Dünyanın en yakışıklısıyla
Hani sorarlar ya, 'sence dünyanın en yakışıklısı kim?' Genelde bunun cevabını zor veririm; dünya çapında çok etkilendiğim biri yok. Ancak birkaç yıl önce keşfettiğim, dünya moda sektörünün en önemli isimlerinden biri, bu sorunun cevabı olabilir. Bir kere esmer, sonra uzun boylu, vücudu yapılı ve bakımlı, bakışları etkileyici ve çok şık giyimli... İşte bunların hepsi, Tom Ford. Hangi kadına sorsanız Tom Ford'u beğenir. Tabii Tom'un gay olduğu söylentileri de var maalesef. Ama olsun biz tipten bahsediyoruz, değil mi? Gucci'nin ölmüş imajını radikal bir şekilde değiştirerek en prestijli markalardan biri haline getiren Ford, Gucci'den ayrıldıktan sonra Estee Lauder için tasarımlar yapmaya başladı. Makyaj ürünlerinin ardından şu sıralar Tom Ford gözlükleri çok moda. Geçen ay New York'ta Madison Avenue'de muhteşem bir açılışla kendi adını taşıyan mağazasını açan Tom Ford, bu konsepti mağazalar zinciri haline getirmeyi hedefliyor ve sırada Milano, Tokyo, Londra ve Paris var. İşte bu doğaüstü insanoğluyla hiç ummadığım bir anda karşılaştım. Geçen hafta bir süreliğine İngiltere'deydim. Londra'da bir saatlik boş vaktimde kendimi hemen en güzel alışveriş merkezlerinin olduğu Sloane Street'e attım. Harvey Nichols'ın kapısından girdiğim anda kameralar ve büyük kalabalık gözüme çarptı. Acaba hangi ünlü gelmiş, diye bakınırken onu gördüm, heyecandan kalbim duracaktı. Tüh makyajsızım da... Kalabalığa doğru ilerlediğimde, neredeyse kadınlardan oluşan 1 km. kuyruk fark ettim. Her birinin elinde Tom Ford'un Estee Lauder için tasarladığı yeni parfümü vardı. Bariyerlere yaklaştığımda iri bodyguard beni durdurup 'parfüm satın alarak, sıraya girmeniz lazım' deyiverdi. Hem o uzun sıraya gireceğim, üstüne bir de parfüm alacağım. Yok kalsın, hiç benlik şeyler değil. Tabii, pes eder miyim? Siz okuyucularıma bir kare resim gösteremezsem içim rahat etmez. Tom Ford'un basınla ilişkiler yetkilisini çağırmalarını rica ettim. Eli dosyalı, kulağında telsizli bir abla geldi. Türkiye'den gazeteciyim dediğimde, hiç bozuntuya vermeden 'sadece yetkili basın girebilir, önceden kayıt yaptırmanız gerekiyordu' gibilerinden bir şeyler sıraladı. Baktım durum giderek zorlaşıyor. Bu arada Tom'a 1 metre mesafedeyim. Bir an boşluk buldum ve Tom'a dönerek 'Hi Tom' (Merhaba Tom) dedim; 40 yıllık arkadaşımmış gibi. Sağolsun Tom da gözlerimden mesajı alarak beni yanına davet etti. Oh sefam olsun, başardım.

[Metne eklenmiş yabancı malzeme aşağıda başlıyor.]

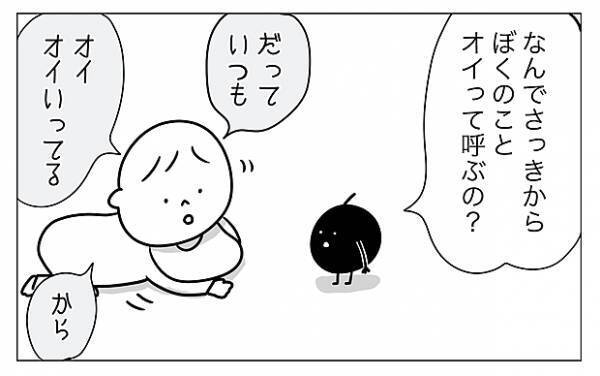 【＃6】ふたりの絆！イマジナリーフレンドの名前とは？「マイ ベストフレンド」 by むぴー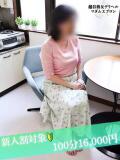 はなこ 越谷熟女デリヘル マダムエプロン（南越谷/デリヘル）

2009'da İstanbul'da mağaza Tom'a Türkiye'de de ne kadar popüler olduğunu anlatırken bombayı patlattı: 'İstanbul'da mağaza açıyoruz'. Ah ne zaman? 2009'da. Aaa, daha çok var dememle 'Hiç de değil, 2007 zaten bitti, az kaldı, sanki yarın gibi' dedi. İstanbul'a yıllar önce gelmiş ve tekrar gelmek için sabırsızlanıyormuş. Peki bir de köşem için beraber resim alalım dediğimde 'hayır' deyip sırtını dönmesin mi? Şok geçiriyor ama gülümseyerek çaktırmıyordum ki, tekrar dönerek elini belime koyarak 'köşen için değil ama sadece senin için resim çektiririm' cümlesini sarfetti. Canım benim, kur da yaparmış. Benim için güzel bir anı oldu elbette; çok beğendiğiniz uzaklardaki birini bir anda karşınızda görünce hoş bir şaşkınlık geçiriyorsunuz.